L’État, au surplus, ne craignait pas seulement l’œil des missionnaires.

Il avait la même attitude et se résignait à filer doux, provisoirement, lorsque les indigènes étaient eux-mêmes en mesure de se faire respecter.

Nous n’en donnerons pour preuve que cet extrait d’une lettre du secrétaire général Liebrechts, datée de Bruxelles 12 septembre 1904, qui est un exemple remarquable de la cautèle du gouvernement congolais, dans ses rapports avec les chefs qu’il ne se croyait pas capable de réduire :

Les intérêts que nous avons à défendre dans l’Enclave et les régions orientales et septentrionales du bassin de l’Uele, exigent impérieusement que nous évitions de nous créer à la base de l’Uele des difficultés qui gêneraient notre action dans les régions susvisées. Nous devons donc continuer à l’égard des sultans Semio, N’Sasa et Djabir, une politique de temporisation, et chercher par une action habile et prévoyante à nous concilier ces sultans. Ce n’est qu’au moment opportun qu’il faudra saisir une bonne occasion pour faire comprendre plus énergiquement qu’il nous a été permis de le faire jusqu’ici, l’obligation de ces sultans de seconder plus largement les efforts du Gouvernement.

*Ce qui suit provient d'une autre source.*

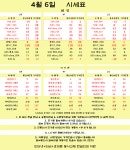 4월6일 당진/서산 휴대폰 성지 특가표 - 휴대폰 성지 시세표 - 알고사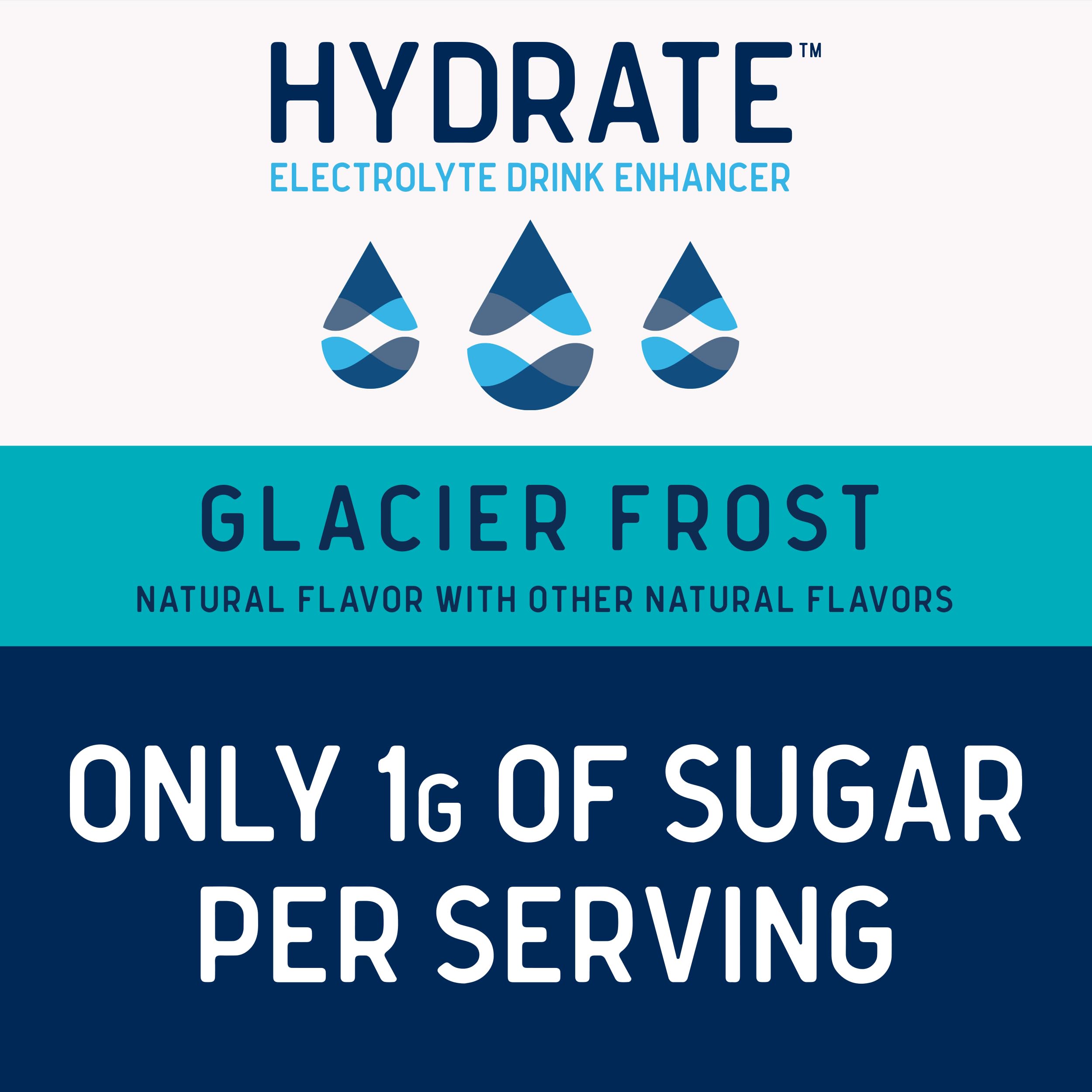 Hydrate Glacier Frost drops label close up showing vitamins B3 B6 B12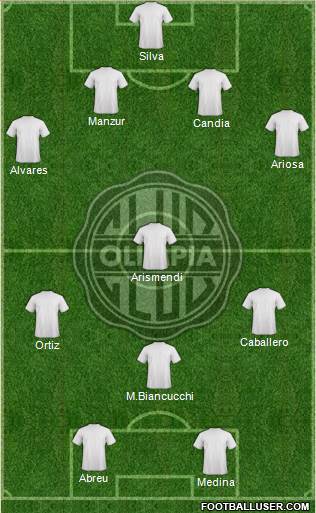 C Olimpia Formation 2013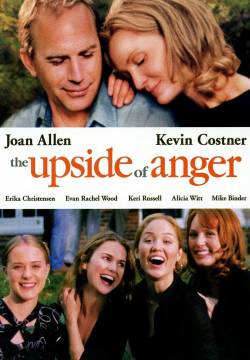 The Upside of Anger - Litigi d'amore (2005)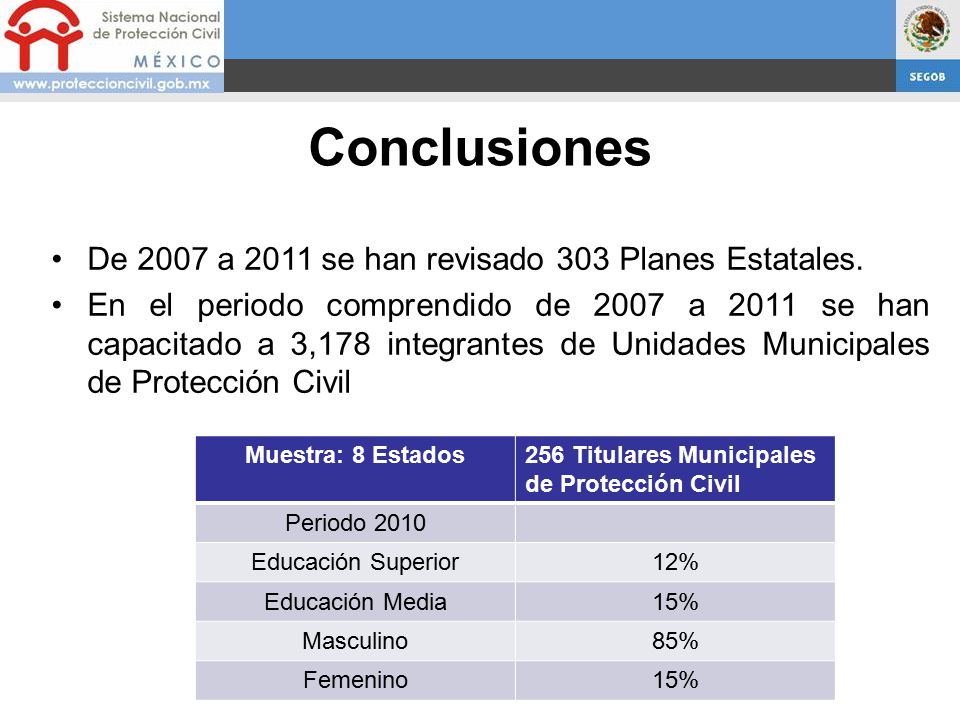 Conclusiones De 2007 a 2011 se han revisado 303 Planes Estatales.
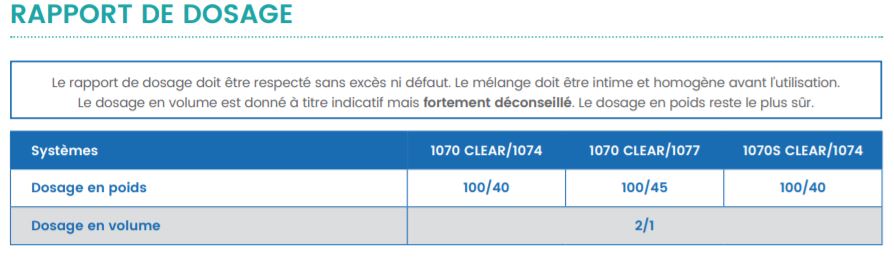 Résine Epoxy Resoltech Inclusion WWA + durcisseur KIT 1,4Kg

Peut-être, en lisant ces lignes, des gens qui n’ont pas l’esprit colonial, se demanderont-ils d’où procédait cette obligation des sultans de seconder les efforts du gouvernement congolais, et trouveront-ils que cette politique fabienne était totalement dépourvue de la plus élémentaire loyauté.

Tout au moins, a-t-elle eu ce résultat que les populations de l’Uele ont échappé, dans une large mesure, au régime du travail forcé et qu’aujourd’hui encore, leur prospérité relative fait contraste avec la misère et la dépopulation des provinces centrales de la colonie.



  1. Circulaire confidentielle, n° 4469.